Here's what summary output:
summary(data)
Length Class Mode
[1,] 4 data.frame list
[2,] 4 data.frame list
[3,] 4 data.frame list
There are actually 352 of them not just 3 but no one needs a listing of all 352. Here's what summary
of an individual index outputs:
summary(data[200])
Length Class Mode
[1,] 4 data.frame list
So if I enter data[200]
I get listing of the first 2500 rows of data. But data[200, 100]

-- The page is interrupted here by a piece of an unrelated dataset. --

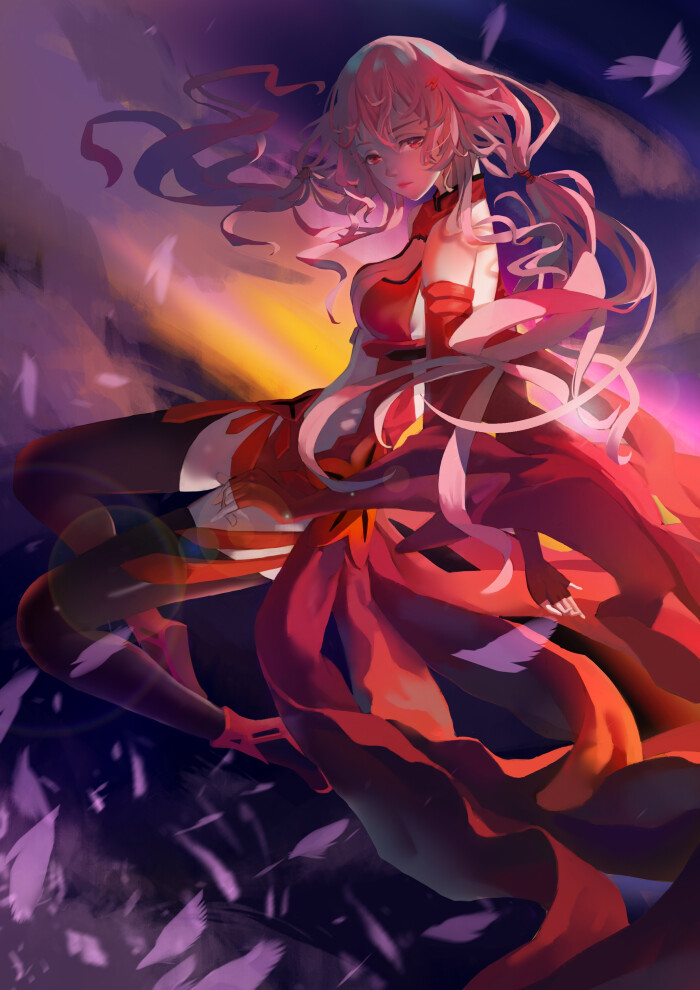 罪恶王冠/beatless/ギルティクラウン [guilty crown] //[楪祈]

returns as error as does data[200][,100]
and data[200][100,]
. data[200][100]
returns [[1]] NULL
.
While I haven't fully considered what I will need to do for this homework I'm sure it will involve calculating means/medians/maximum/etc of all non-NA values in various data columns. This wasn't tough to do for the quizzes using something like mean(data[which(is.na('Col1')==F), 'Col6'])
.
So I imagine I could use a more hackish version of what I need where I simply load the 1 file I need at the time I need it, extract only the portion of the data frame I need right then, and loop over all the data files I need to process. However, I'd rather know how to access the data in the object R creates from the lapply
line. I suspect this will make more complex analyses later on much easier to code.
Thanks
Upvotes: 0
Views: 1930
Reputation: 7796
When you subset, single square brackets [
always return an object of the same class as the object you are subsetting. So, data[200]
returns a list
of length 1 containing one dataframe because data
is a list. Double square brackets [[
give you the actual object contained in the list (in this case, a dataframe). Once you have a dataframe, you can select the first 100 rows with [100,]
, which is why the following works:
data[[200]][100,]
Upvotes: 3